PROBLEM REQUIREMENTS:
There is a line containing "May include: Two" in the records below. Repeat it and every line after it, exactly, through the final line, but no pictures.

[Brief descriptive captions]
_____
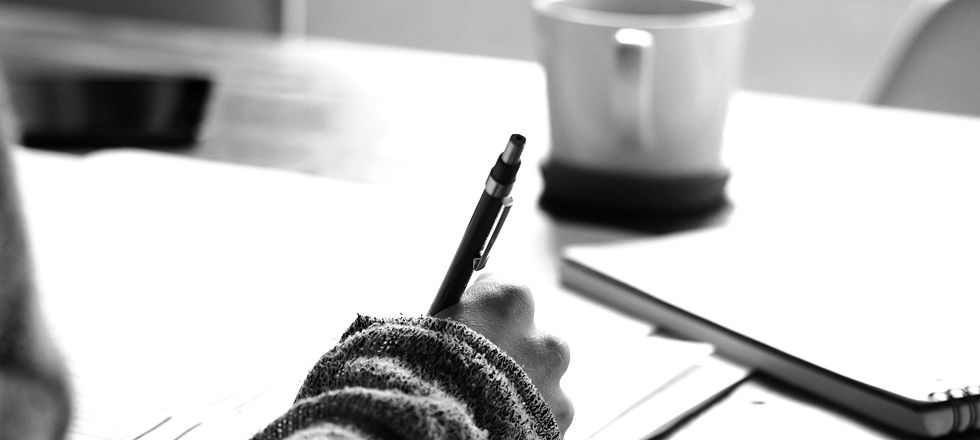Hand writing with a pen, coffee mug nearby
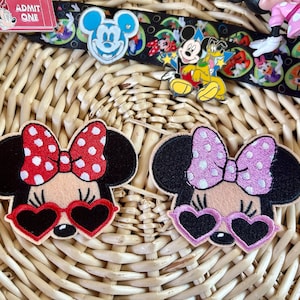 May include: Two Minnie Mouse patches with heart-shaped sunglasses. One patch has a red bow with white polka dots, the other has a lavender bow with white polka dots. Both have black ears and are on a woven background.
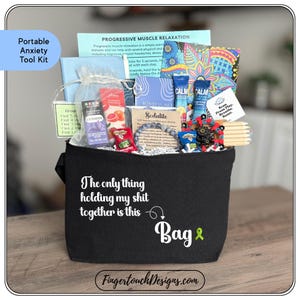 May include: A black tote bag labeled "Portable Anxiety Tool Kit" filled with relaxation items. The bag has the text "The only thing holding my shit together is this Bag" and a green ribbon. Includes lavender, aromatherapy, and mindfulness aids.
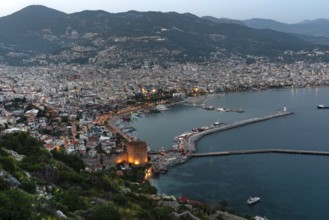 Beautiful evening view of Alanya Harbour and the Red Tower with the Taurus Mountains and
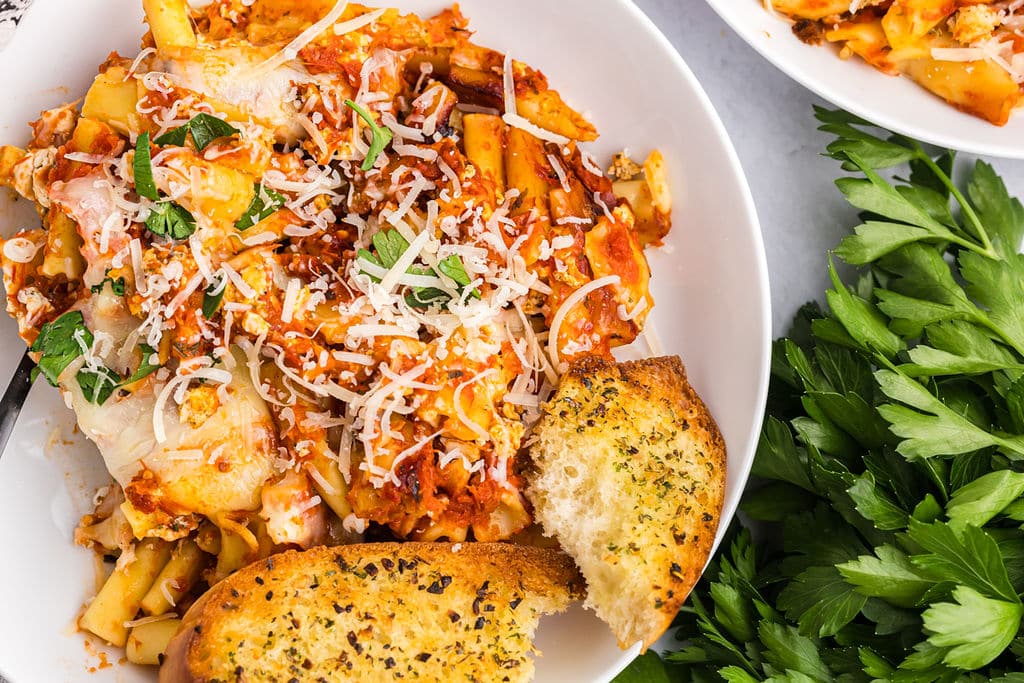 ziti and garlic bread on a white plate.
_____
EXERCISE SOLUTION:
 May include: Two Minnie Mouse patches with heart-shaped sunglasses. One patch has a red bow with white polka dots, the other has a lavender bow with white polka dots. Both have black ears and are on a woven background.
 May include: A black tote bag labeled "Portable Anxiety Tool Kit" filled with relaxation items. The bag has the text "The only thing holding my shit together is this Bag" and a green ribbon. Includes lavender, aromatherapy, and mindfulness aids.
 Beautiful evening view of Alanya Harbour and the Red Tower with the Taurus Mountains and
 ziti and garlic bread on a white plate.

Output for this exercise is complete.